Long Term Data Storage
July 11, 2007 · by Scott Fradkin
I ran across a thread on Slashdot (http://science.slashdot.org/article.pl?sid=07/07/11/217218&from=rss) about the collection of glass photographic plates that is stored at the observatory at Harvard. It’s apparently about 25 percent worth of all the world’s currently existing photographic plates. There are over half a million of them covering the sky of both hemispheres with images from the past century. Definitely sounds like some very important history is stored in these photos, and they’re considering digitizing them for long term storage.
The problem is how to store the data for the long term. I don’t know about the best way to store glass photographic plates, but I’m not certain that anyone has come up with viable long term digital storage. It’s estimated that the total amount of data contained within these photos is a petabyte. That’s an enormous amount of data even by today’s standards. 1000 gigabytes is a terabyte. 1000 terabytes is a petabyte. There is a fascinating article at Wikipedia (http://en.wikipedia.org/wiki/Petabyte) about the petabyte.

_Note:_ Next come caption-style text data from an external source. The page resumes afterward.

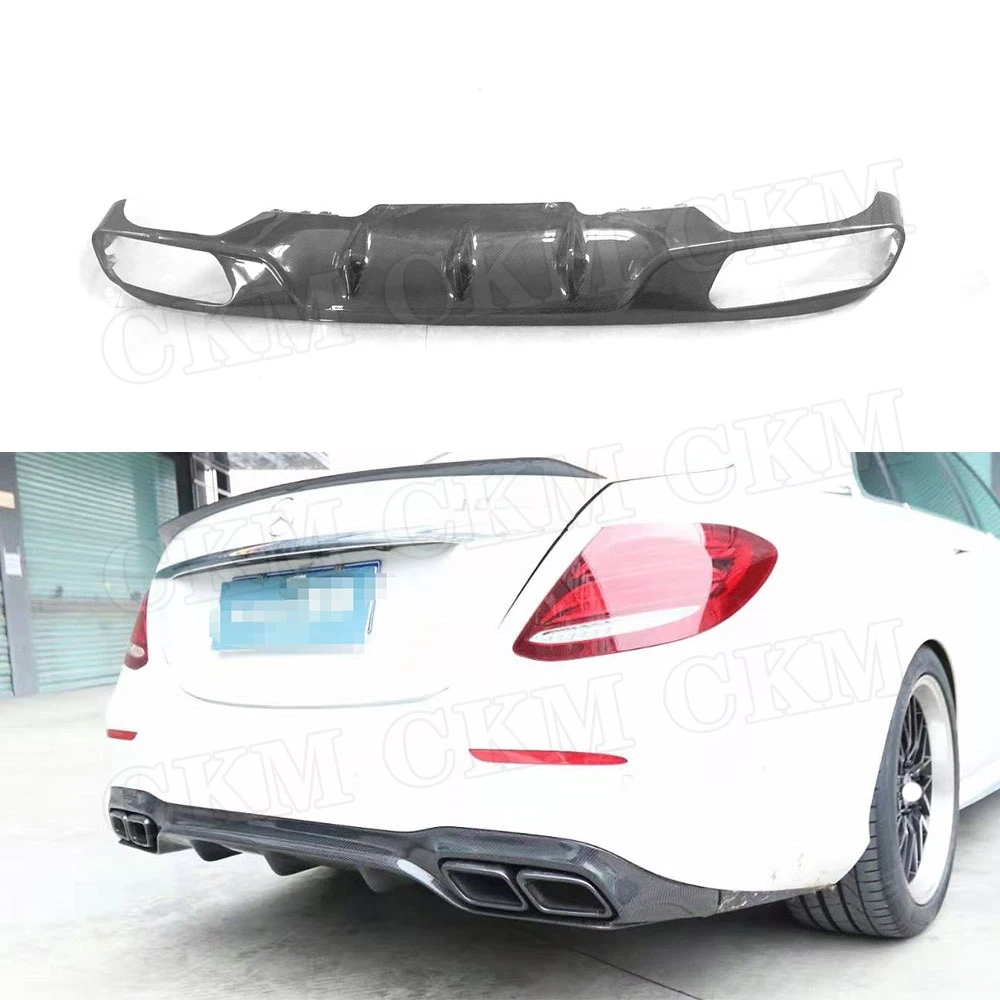 

Carbon Fiber Material Rear Bumper Lip Diffuser for Mercedes Benz E Class W213 E250 E350 E400 E43 E63 AMG S Style 2017-2019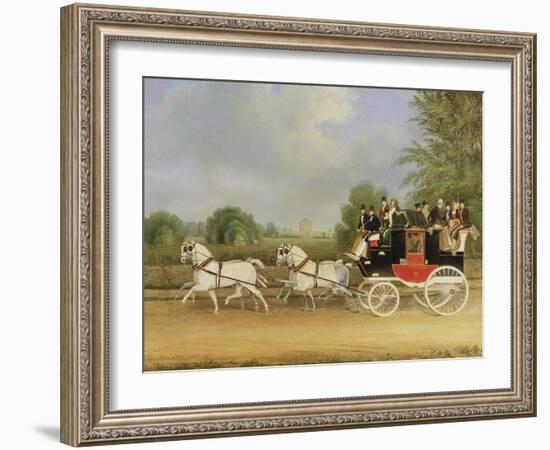 The London-Farringdon Coach Passing Buckland House, Berkshire-James Pollard-Framed Giclee Print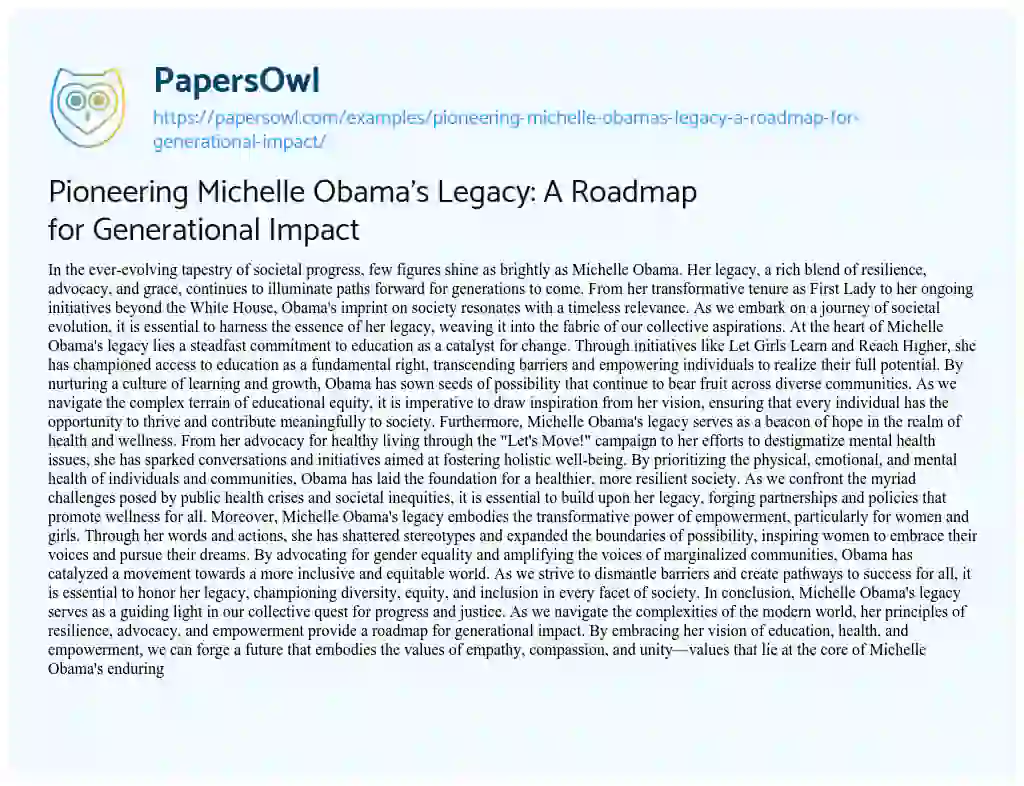 Essay on Pioneering Michelle Obama’s Legacy: a Roadmap for Generational Impact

I can certainly picture vast arrays of hard drives or stacks of optical discs, but for long term storage? Hard drives are prone to failure (although I do seem to have some ancient drives that still do the job), and today’s optical discs degrade in merely a few years. So what can we do to store information that is historical in nature? Hard copy? Back up data onto fresh devices every few years? I don’t have the answer. Hopefully someday someone will come up with the answer so we don’t lose things like books from the beginning of printing and these photos of the night sky.